Van belang bij het beantwoorden van de vraag of [eisers] hebben gedwaald ten tijde van het verlenen van uitstel, is het feit dat de ING op 10 oktober 2018 al had aangegeven dat de financieringsaanvraag van [gedaagden] in beginsel was afgewezen. Niet is gesteld of gebleken dat [naam B] dit op enig moment voorafgaand aan het vragen van uitstel heeft gemeld aan [eisers] ; noch tijdens het telefonische gesprek tussen [naam B] en [naam A] op 15 oktober 2018, noch in het e-mailbericht van 16 oktober 2018. Bovendien heeft [naam B] in het e-mailbericht van
16 oktober 2018 genoemd dat de stukken (door de bank) waren beoordeeld 'en akkoord bevonden', terwijl dat niet het geval was.
[gedaagden] hebben aangevoerd dat de mogelijkheid van financiering op 16 oktober 2018 nog wel bestond, maar zij hebben onvoldoende onderbouwd dat [naam B] enige uitleg aan [eisers] heeft gegeven over de complexe situatie vanwege de snackbar. Tussen partijen is over de snackbar overigens een misverstand ontstaan, in die zin dat [eisers] aanvankelijk dachten dat de snackbar in hun woning gevestigd zou worden, terwijl het ging om de snackbar in de huidige woning van [gedaagden] , die gefinancierd moest worden.

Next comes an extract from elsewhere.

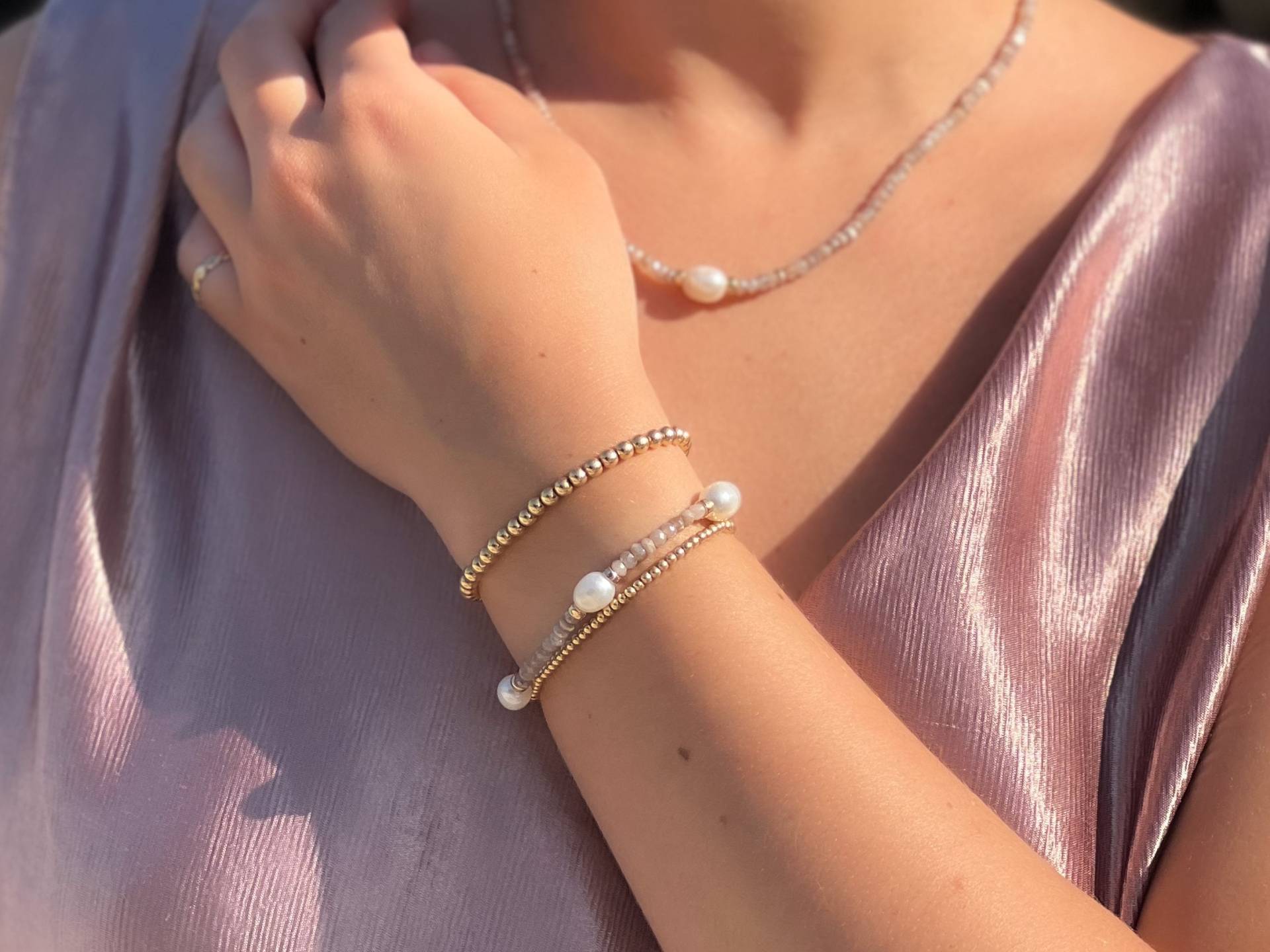 Mondstein Perle Station Armband 14K Gold Filled Akzente, Boho Edelstein Armband von EmkaJewelry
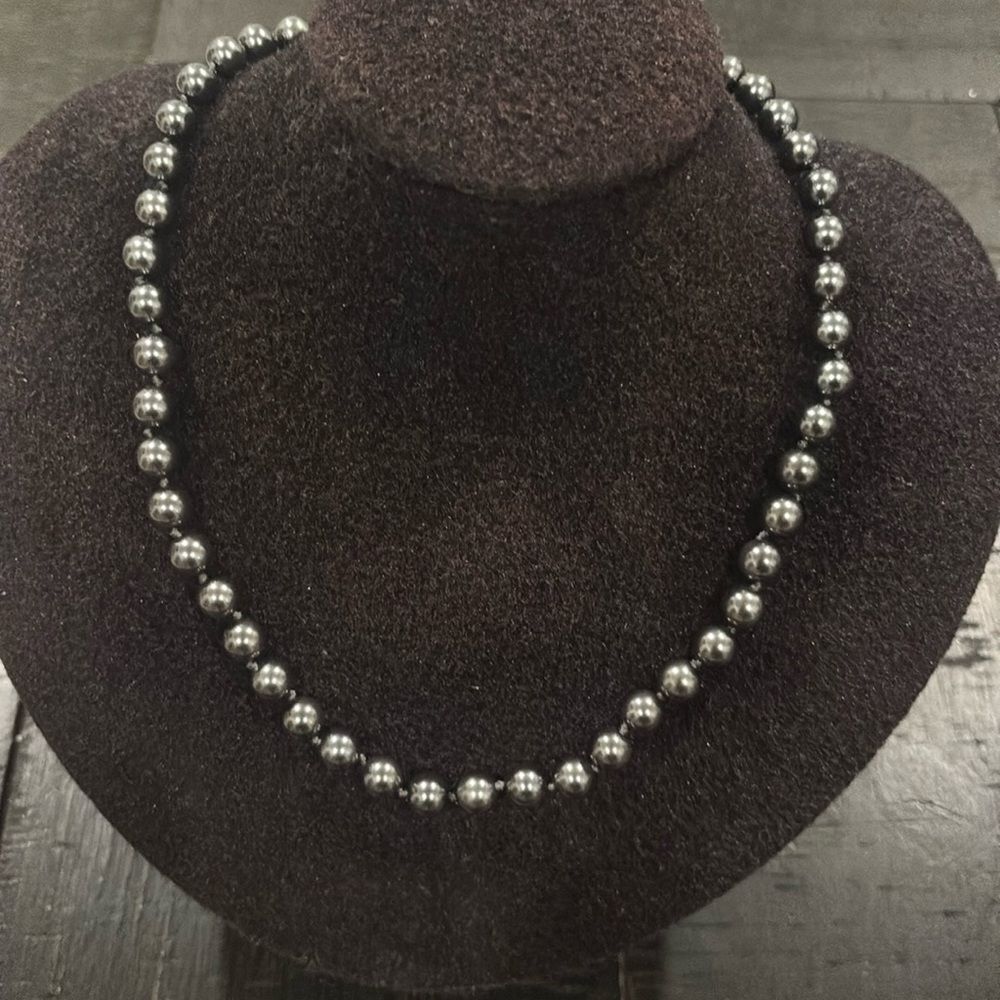 Vintage RMN (Roman) Signed Hand Knotted Faux Dark Gray Pearl Bead Necklace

De kantonrechter is van oordeel dat [naam B] had kunnen weten dat kennis over de eerder afgewezen hypotheekaanvraag en over de situatie met de snackbar van belang was voor [eisers] voor het (al dan niet) verlenen van uitstel. [naam B] heeft -zo is onbetwist gesteld- juist geprobeerd [eisers] een te rooskleurig beeld te geven, bijvoorbeeld tijdens het telefonisch contact met de zoon van [eisers] . De kern is dat [naam B] onvoldoende duidelijk is geweest tegenover [eisers] , zodat zij niet in staat zijn geweest om een weloverwogen keuze te maken over het gevraagde uitstel. Pas op 5 december 2018, nadat [gedaagden] alsnog een beroep op het financieringsvoorbehoud hadden gedaan, hebben [gedaagden] de brief van 10 oktober 2018 van de ING aan [eisers] ter kennis gebracht.
De kantonrechter is dan ook van oordeel dat [eisers] het uitstel hebben geaccepteerd op grond van een inlichting van de wederpartij (in de persoon van [naam B] ) en tevens doordat die wederpartij in verband met hetgeen hij wist of behoorde te weten, [eisers] had behoren in te lichten, maar dat heeft nagelaten. Niet is gesteld dat de wederpartij mocht aannemen dat het uitstel ook zonder de informatie van de ING zou worden geaccepteerd. [eiser, sub 1] hebben dan ook, naar het oordeel van de kantonrechter, terecht een beroep gedaan op dwaling. Gelet hierop, zal de acceptatie door [eisers] van het tweede uitstelverzoek worden vernietigd.